- _WHAT IS EXPECTED_
The lines to copy run from the one containing "4 Kornnattern Babys, Weibchen" to the last line of the entries; output those lines exactly and only them, without pictures.

[Entries taken from a collection]
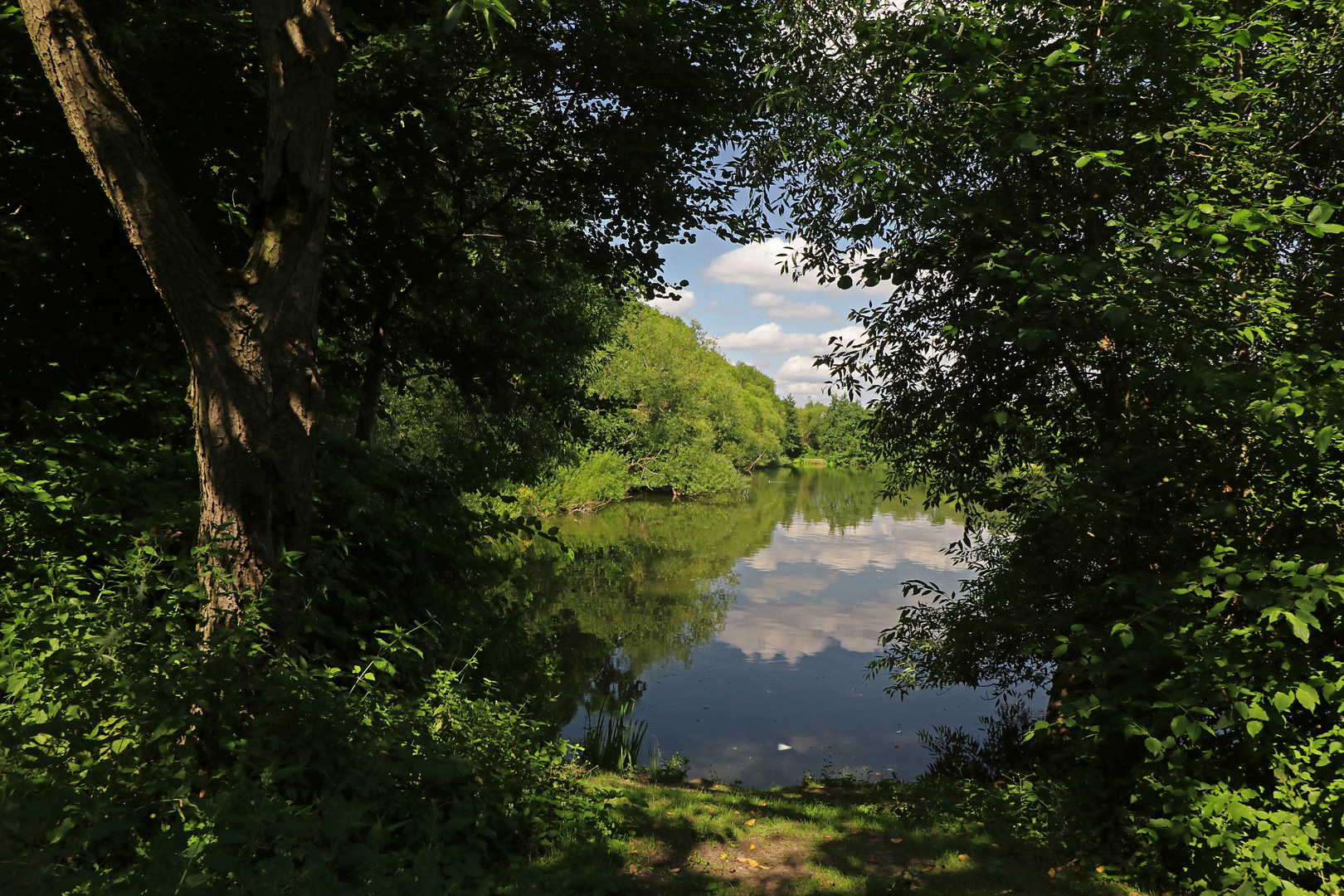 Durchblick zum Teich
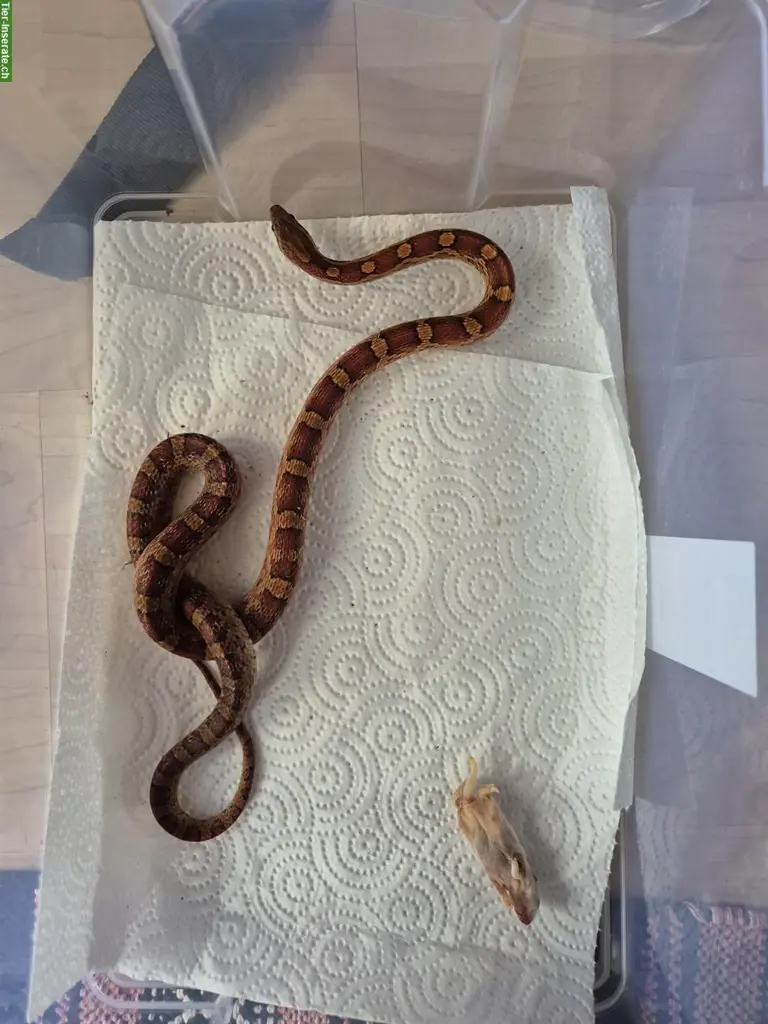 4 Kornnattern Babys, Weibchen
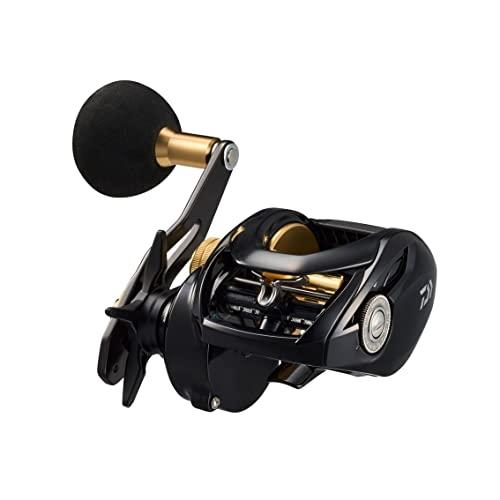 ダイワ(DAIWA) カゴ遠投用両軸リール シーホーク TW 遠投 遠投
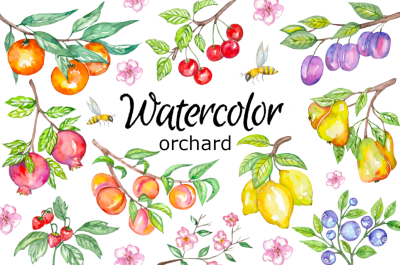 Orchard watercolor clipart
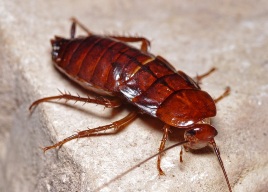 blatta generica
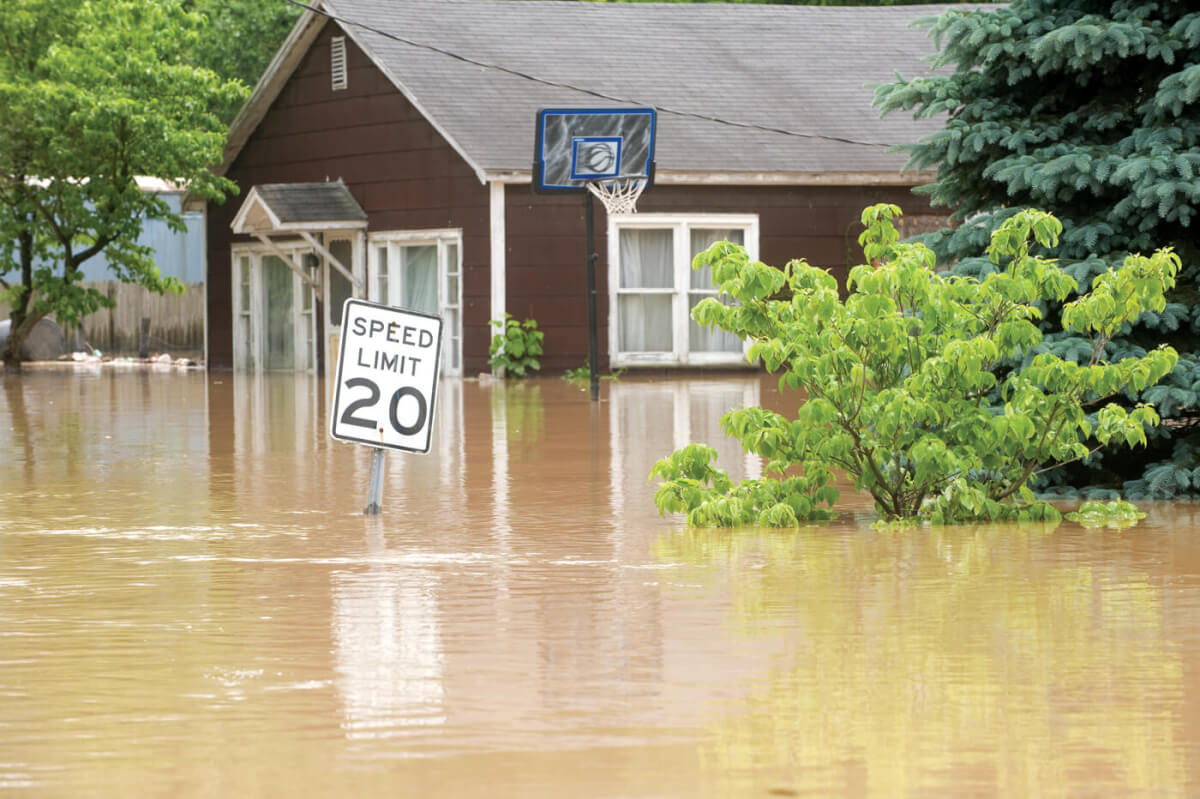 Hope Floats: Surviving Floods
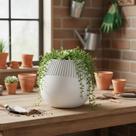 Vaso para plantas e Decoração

- _YOUR RESPONSE_
 4 Kornnattern Babys, Weibchen
 ダイワ(DAIWA) カゴ遠投用両軸リール シーホーク TW 遠投 遠投
 Orchard watercolor clipart
 blatta generica
 Hope Floats: Surviving Floods
 Vaso para plantas e Decoração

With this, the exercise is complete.